Kömür ve kömürden kaynaklı sorunlara karşı ayrıştırma sistemi ve filtrasyon yapılacak dense de çevre ye yayılacak tehlikeli partiküllerin teneffüs edilmesi büyük tehlikedir. Alan içinde kreş, meslek okulu ve 25 bin çalışanın olması, 67 dönüm alanın imar planlarının yapılarak yerleşime açılmasının gelecekte halk sağlığı sorunu yaratacağı söylenmiş, bilirkişi heyetinde halk sağlığı uzmanına da yer alması talep edilmiştir.

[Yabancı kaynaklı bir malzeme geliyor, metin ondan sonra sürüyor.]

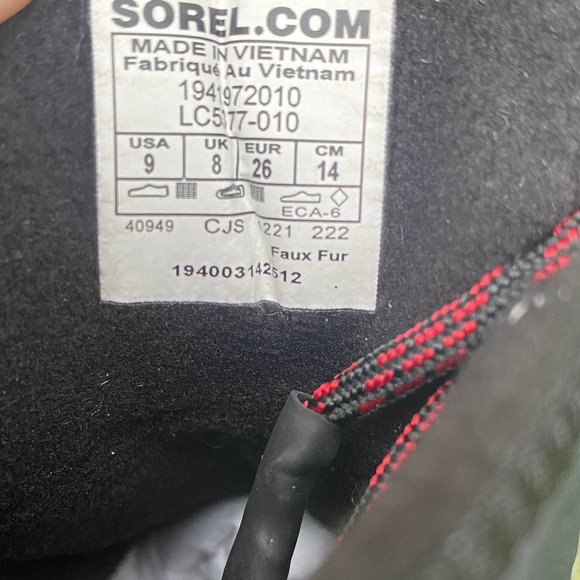 NIB/NWT Sorel Kids' Whitney™ II Short Waterproof Insulated Boot in Black(Sz 9) - Picture 9 of 9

Kula ve Kuzulu tarım ve hayvancılıktan başka geçim kaynağı olmayan köylerimiz .
Yapılmak istenen altın madeni ve kalker ocağına karşı bilirkişi keşfinde gördük ki, biyolojik çeşitliğin her seviyesinde zengin, farklı ekosistemlere sahip yaşam alanlarımız, çok sayıda türü barındırdıkları için hedef durumdadır. Trakya arısı, Kırmızı Orman karıncası gibi pek çok endemik tür yok olma tehlikesi ile karşı karşıyadır.

Tükenen kaynaklar konusunda bilim insanlarının elde ettiği ölçülebilir değerler, kırsal yaşamın pratiğiyle örtüşürken, firma ÇED raporlarını hazırlayan bilirkişilerin kurumlardan aldığı verileri öne sürerek verdikleri olumlu kararları büyük bir çelişkidir.
Gözümüzün gördüğü susuzluk!
3 keşif sonucu davaların ana konusu gördük ki ‘Yaşam kaynağımız su’
Bizler yaşam alanlarımızı, toprağımızı , ormanlarımızı, meralarımızı , kıyılarımızı, su varlıklarımızı, tapulu arazilerimizi ‘gelin alın’ demeyeceğiz. Bizler köylümüzün yanında mülksüzleştirmeye, köksüzleştirmeye, işgale ve üzerinde yaşadığımız topraklardan sürülmeye sessiz kalmayacağız. Anayasamızın bize verdiği hak ve ödev doğrultusunda yaşamı ve yaşam alanlarımızı koruyacağız.
Dağımızı vermiyoruz. Ormanımızı vermiyoruz. Suyumuzu vermiyoruz. Bağımızı vermiyoruz.”